**** INPUT DATA

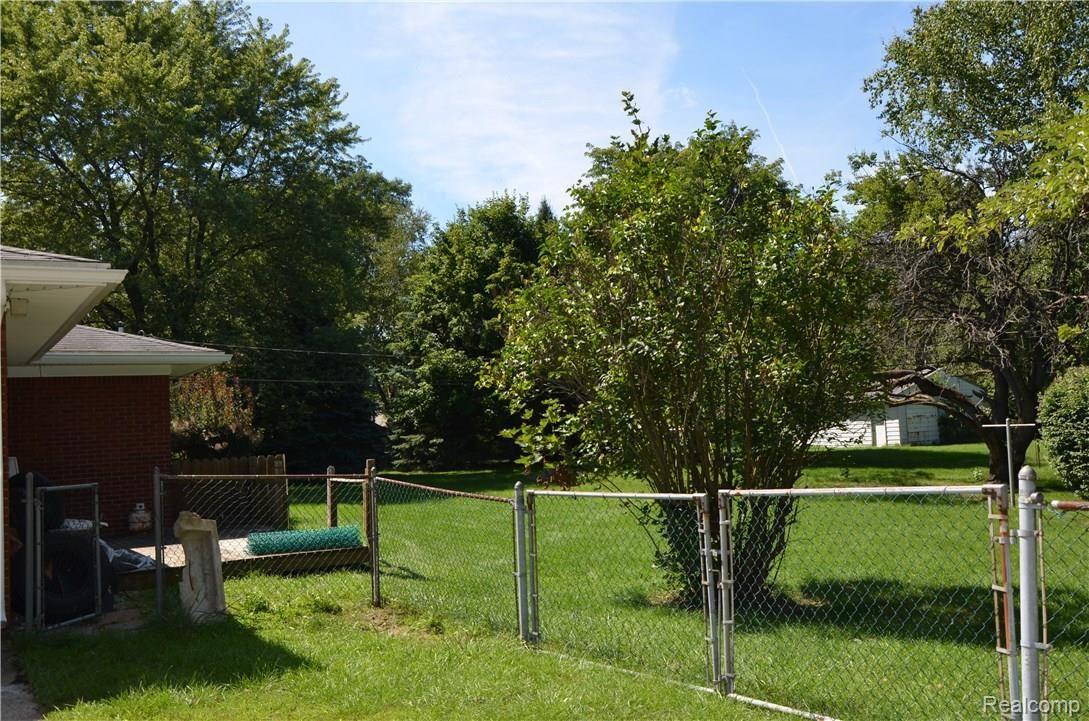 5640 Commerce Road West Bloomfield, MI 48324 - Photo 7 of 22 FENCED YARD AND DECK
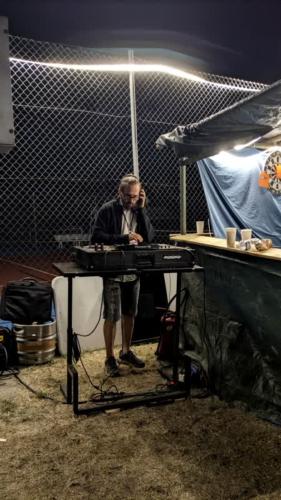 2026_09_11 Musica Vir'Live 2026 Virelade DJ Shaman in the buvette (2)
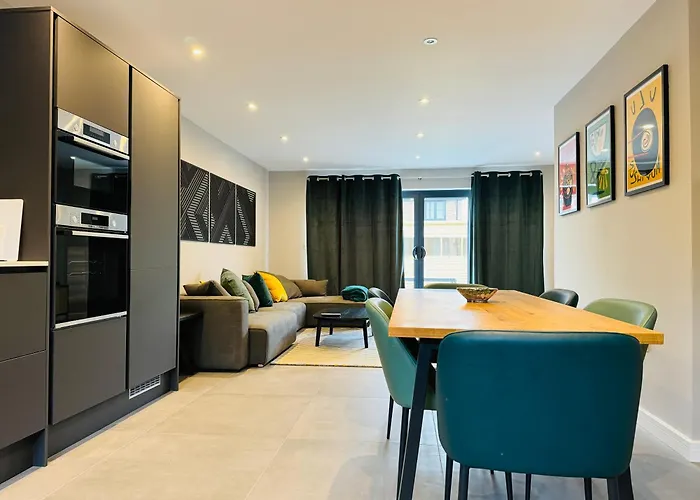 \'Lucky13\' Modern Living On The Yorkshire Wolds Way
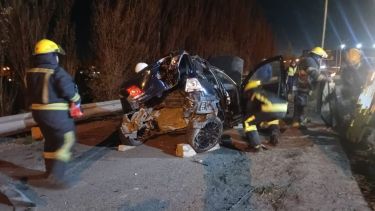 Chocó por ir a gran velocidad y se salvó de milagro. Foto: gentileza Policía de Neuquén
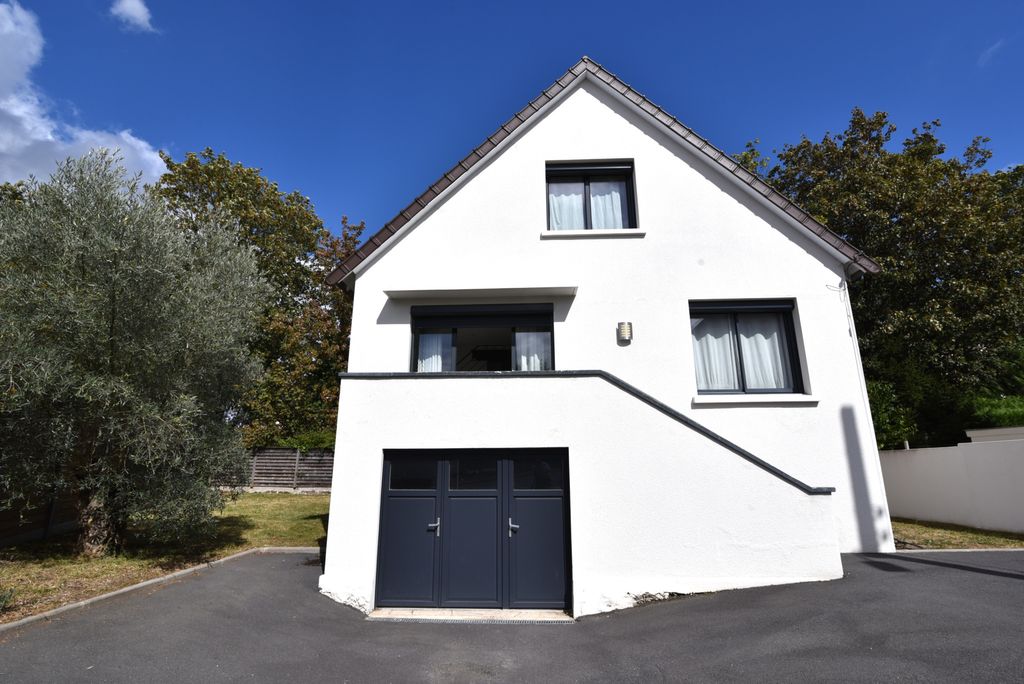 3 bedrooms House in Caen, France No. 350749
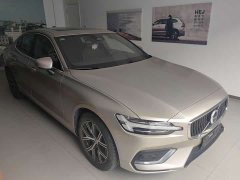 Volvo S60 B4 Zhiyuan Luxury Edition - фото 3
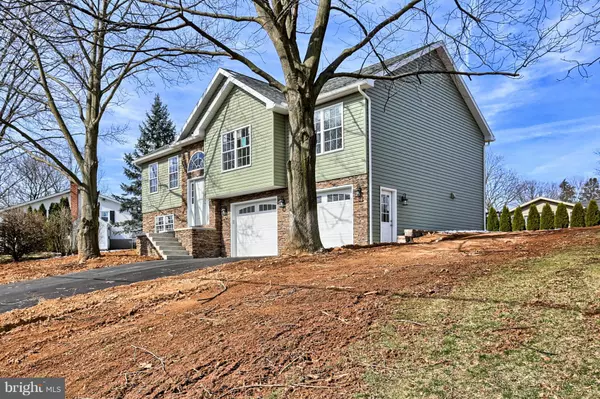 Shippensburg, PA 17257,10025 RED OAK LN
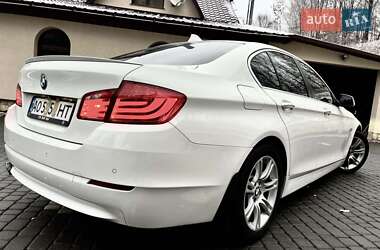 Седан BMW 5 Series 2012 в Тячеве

********

For the entries above, the output must hold exactly the lines from the one with "Yorkshire Wolds Way" through the last line, both included, and no pictures.

 \'Lucky13\' Modern Living On The Yorkshire Wolds Way
 Chocó por ir a gran velocidad y se salvó de milagro. Foto: gentileza Policía de Neuquén
 3 bedrooms House in Caen, France No. 350749
 Volvo S60 B4 Zhiyuan Luxury Edition - фото 3
 Shippensburg, PA 17257,10025 RED OAK LN
 Седан BMW 5 Series 2012 в Тячеве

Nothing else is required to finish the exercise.